Join the lab

Students who want to work in cancer research, and who are interested in learning and applying data science methods should contact me to join the lab. Our work is 100% computational, using data sets generated by other people. So, students should be excited to learn to visualize and model data sets using tools like R and Python, and packages like tensorflow/pytorch and Stan.

This research sits at the crossroads of computational biology, data science, and epidemiology, and there are a number of possible projects. Your ideas for other projects are welcome!

Please write to me sending:

  • your resume
  • an unofficial transcript (or, relevant course background can be summarized in the resume)
  • a cover letter describing why you are interested in the lab, how your background is related to this research, and what kind of projects you would like to work on.
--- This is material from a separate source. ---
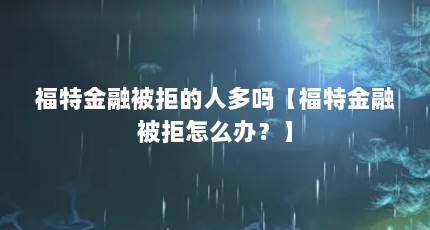 福特金融被拒的人多吗【福特金融被拒怎么办？】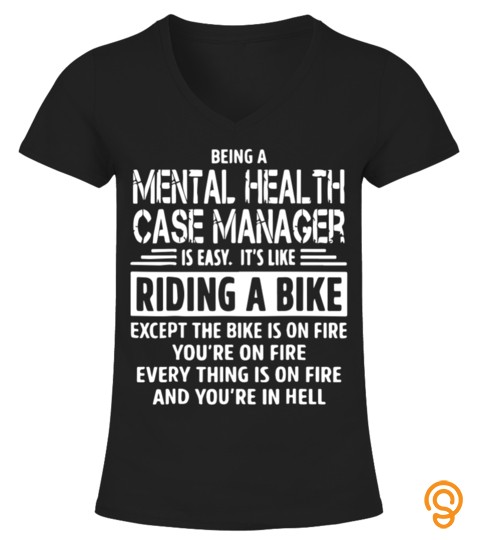 Mental Health Case Manager Tshirt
PhD Students: These positions are fully funded with a mix of TAship and research funds. Students should apply to the UML Applied Biology PhD program – applications are rolling

MS Students: students should apply to the MS Biology program. As the MS program is only 2 years, students are encouraged to contact me as early as possible in your first semester.

Undergraduates: please contact me for possible projects. Students from biology, computer science, and other sciences may find good fits

Mentoring philosophy

I take my responsibilities as a mentor seriously, with a goal of treating students as colleagues in a collaboration. As an example of my mentoring philosophy, please check out the Statement of Expectations I created for summer research students previously.

My responsibilities involve:

  • helping to set the scientific direction for the project
  • providing the needed materials
  • giving students regular feedback on results and reports

The student’s responsibilities include:

  • taking ownership of their project, meaning that they don’t look at the project as something they are doing for me, but as something we are working on together
  • learning to manage their time and organize their work
  • communicating regularly, and making sure I am giving them feedback and anything else they need

I think it is important to address a common source of tension in research: the idea that only some people can “cut it”. I do not feel it is my job as a mentor to judge students’ brilliance, but only to work together on well-supported analyses using good communication. Research is hard, so project success should not be considered a reflection of your personal abilities. Please read up on impostor syndrome, something that all of us in science are prone to suffer! This problem is often more acute for people in underrepresented groups (especially including women in science and ethnic minority members).